TASK DIRECTIONS
Please produce a character-exact copy of the listing that follows, omitting all images.

DATA EXTRACT
+---+

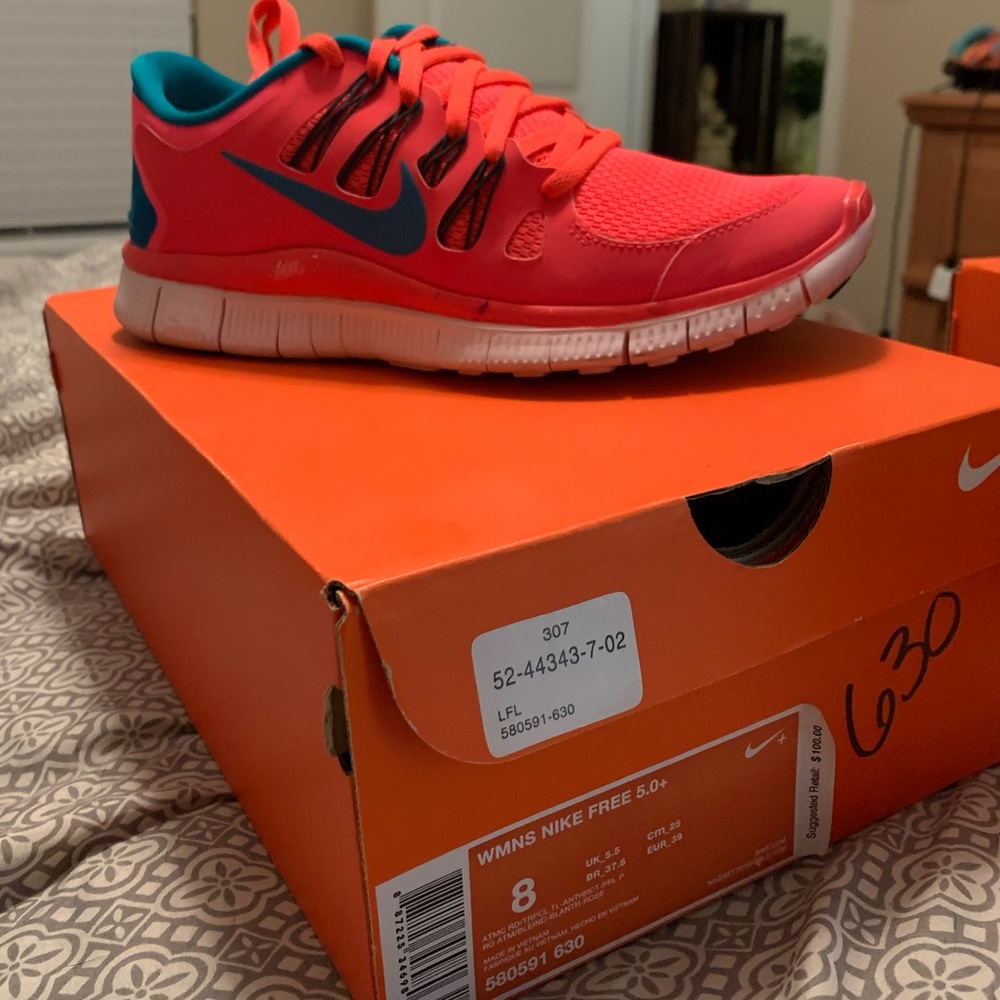 Women’s Nike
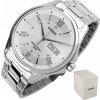 KLASICKÉ PÁNSKE HODINKY CASIO MODEL MTP-1384D-7AVE KLASICKÉ PÁNSKE HODINKY CASIO MODEL MTP-1384D-7AVE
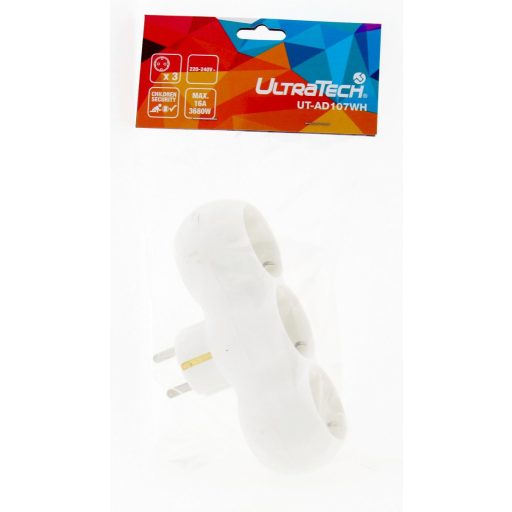 Ultratech AD107WH elosztó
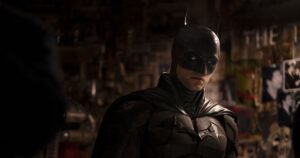 『ザ・バットマン2』新悪役は映画化されたことがないキャラクターに - シネマトゥデイ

+---+

WRITTEN REPLY
 Women’s Nike
 KLASICKÉ PÁNSKE HODINKY CASIO MODEL MTP-1384D-7AVE KLASICKÉ PÁNSKE HODINKY CASIO MODEL MTP-1384D-7AVE
 Ultratech AD107WH elosztó
 『ザ・バットマン2』新悪役は映画化されたことがないキャラクターに - シネマトゥデイ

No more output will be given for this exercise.